I tried Point Pleasant Canal this morning, and thought I’d made the right move when an angler hooked up on light tackle and shouted that he had a big fish on. What he brought in was a complete surprise — the smallest cownose ray I’ve ever seen. It was also the first I’ve seen in the canal. The ray was snagged on a jig, but probably weighed 5 pounds and had the incoming tide behind him during the fight. There was little doing after that as Jim Gates caught a small blue, and one large blue broke off on a jump next to the wall. I got just one hit on a Z Man paddletail before switching to blackfishing that produced a 14 1/2-incher on light spinning with crab right away, but nothing else in the short time I fished. It appears that the green crab shortage I mentioned recently is over, and Castaways Tackle in Point Pleasant has them in stock again.
Capt. Dave De Gennaro reports Sunday’s trip about 20 miles offshore put little tunny and bonito in his Hi Flier from Barnegat by anchoring and chumming so they could be caught on light tackle with spearing. He’s also been catching weakfish up to 16 inches on 6-pound spinning tackle with grass shrimp in the bay. The only problem has been an abundance of silver perch and snappers that also appreciate that expensive chum. Dave will try to get offshore for bonito on Saturday while trying for weaks in the bay on Sunday. Call him at 732 330-5674.
Capt. Chris De Stefano got a surprising report of small bluefin tuna being trolled yesterday on the reefs out of Manasquan Inlet. Supposedly, one was even taken at the mile buoy.

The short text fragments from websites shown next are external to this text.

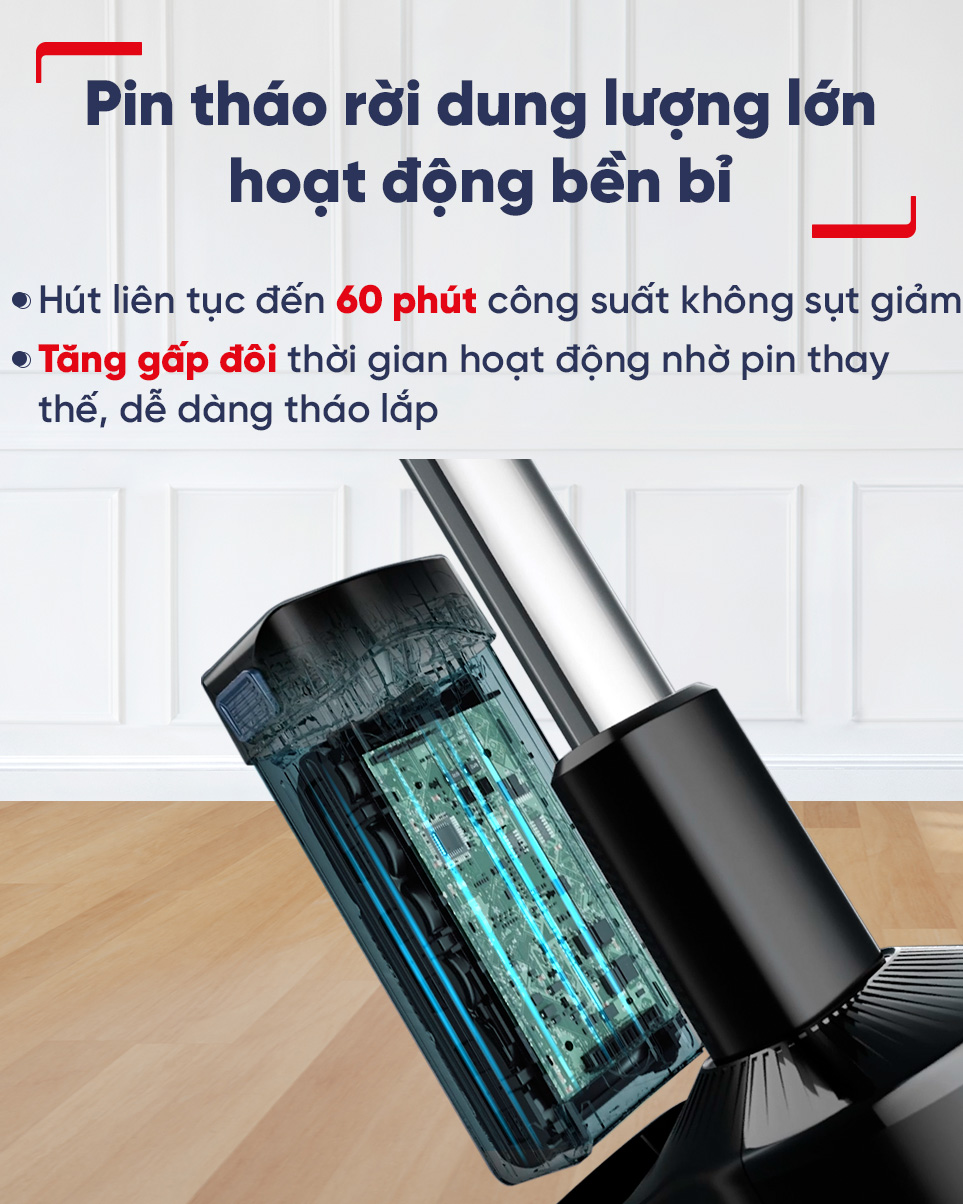 [MỚI RA MẮT] Máy hút bụi &amp; lau sàn không dây Tefal X-Combo GF3039KO - Hàng chính hãng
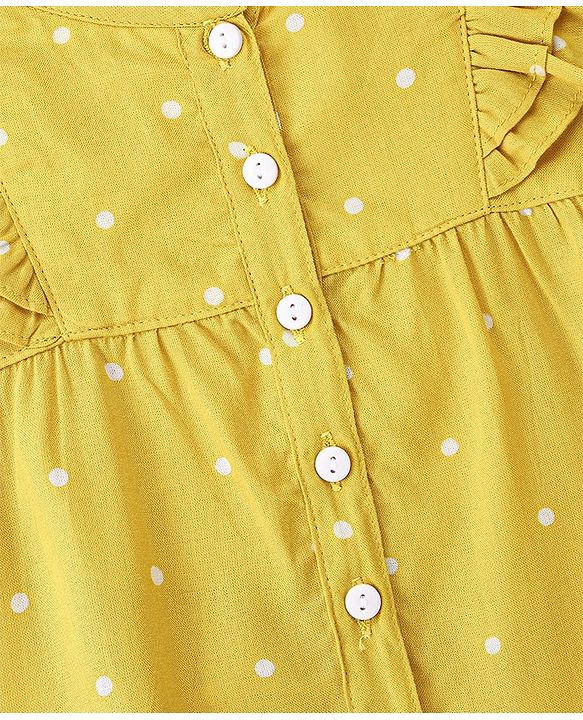 Babyhug Rayon Woven Full Sleeves Top with Polka Dots Print - Yellow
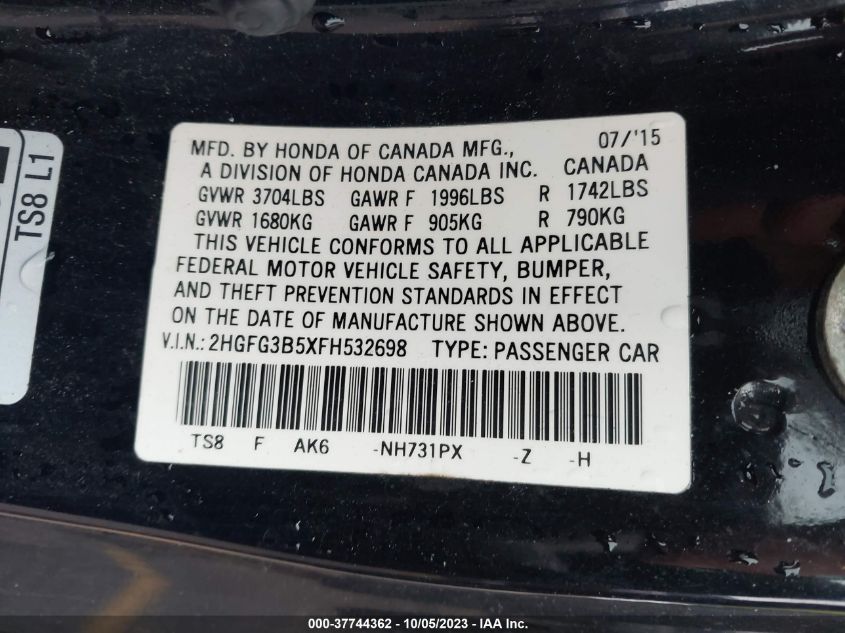 2015 HONDA CIVIC COUPE LX - 2HGFG3B5XFH532698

Whenever something like that occurs, it rarely continues — but keep an eye out!
The small craft advisory for this afternoon’s south winds goes down by 11 p.m., and tomorrow starts with north winds at just 5-10 knots before going southeast in the afternoon. That’s Capt. Joe Massa in the photo below with one of the big sea ass caught at Southwest Ledge off Block Island Saturday, as noted in last night’s. Word Press dropped it in the wrong spot.
Capt. Ron Santee saw six straight days of hot porgy fishing come to a temporary end today. His first few drops were unproductive, and then he got on one that was full of out-of season short and keeper sea bass. Some porgies and a couple of big triggerfish were finally boated, but the boat’s first cobia was too short — and the south wind came up against the tide to make it ugly in short order.
The Golden Eagle from Belmar found 4-7-pound blues on top, with an 8-pound pool winner. Everyone caught some, but it wasn’t easy jigging.